Looking back, feminism provided me with the tools to work toward a new kind of socialism.... I think feminist socialism hasn’t been realised, and yet I also think that it's so obvious!

I'm repeatedly shocked by the fact that the relevance of feminism for the rethinking of socialism hasn't been taken on board, and that the left has trudged on as usual, making its usual mistakes, pretty much as if feminism had never really done more than 'put women on the agenda'. The left adopted policies towards women, but has not carried out a fundamental rethink of socialism, which is what I felt feminism was enabling us to do.

...

Then there's power as transformative capacity: the power to change things, to do things. Sometimes referred to 'power to'. That was the kind of power the women's movement was illustrating, transformative power and capacity, and I think that’s a very useful concept now.

...

This recognition of a transformative capacity that lies amongst the mass of people completely changes the nature of socialism, which has most often been based exclusively on the idea of power over - when you capture the means of power over production, over resources, and deliver it in this paternalistic way, without any recognition of the kind of power people actually have in their own capacity to refuse, and to change.

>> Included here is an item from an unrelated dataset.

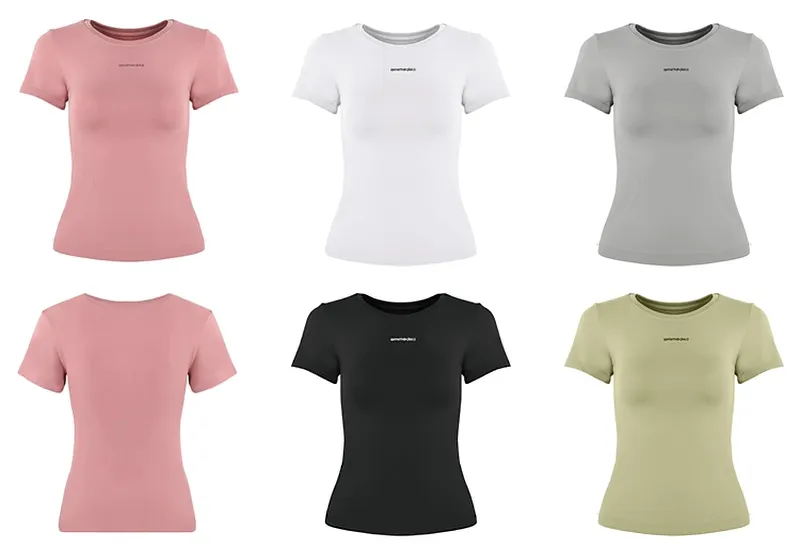 Fitness Female Breathable T-Shirt / Short Sleeves Running Sportswear - SF0039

Without any recognition of the dependence of existing power structures on actual people as knowledgeable and creative human beings.

...

The women's movement was about individual realisation; we were there as individuals, because of our own personal pain, oppression and feelings; but we understood very quickly that in no way could we realise our potential as women without a social movement, without a power - often in alliance with other social movements - without changing the structures that underlie those oppressive social relations.